**TASK TO COMPLETE**
An exact copy is needed of the lines in the entries below from the line with "Riders are going ready" up to and including the line with "Gargantilla de plata con coral rojo", and of nothing else. Leave the pictures out.

**EXERCISE DATA**
*** Block opens ***

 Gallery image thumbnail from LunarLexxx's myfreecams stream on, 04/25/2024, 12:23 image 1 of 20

*** Block closes ***
*** Block opens ***

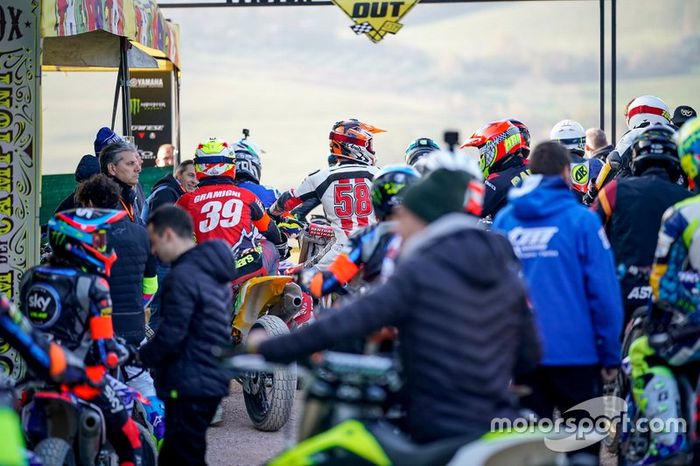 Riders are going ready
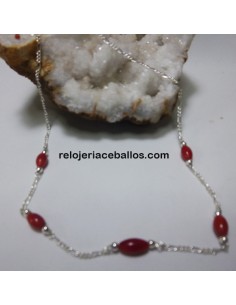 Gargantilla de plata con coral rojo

*** Block closes ***

**PROBLEM SOLUTION**
 Riders are going ready
 Gargantilla de plata con coral rojo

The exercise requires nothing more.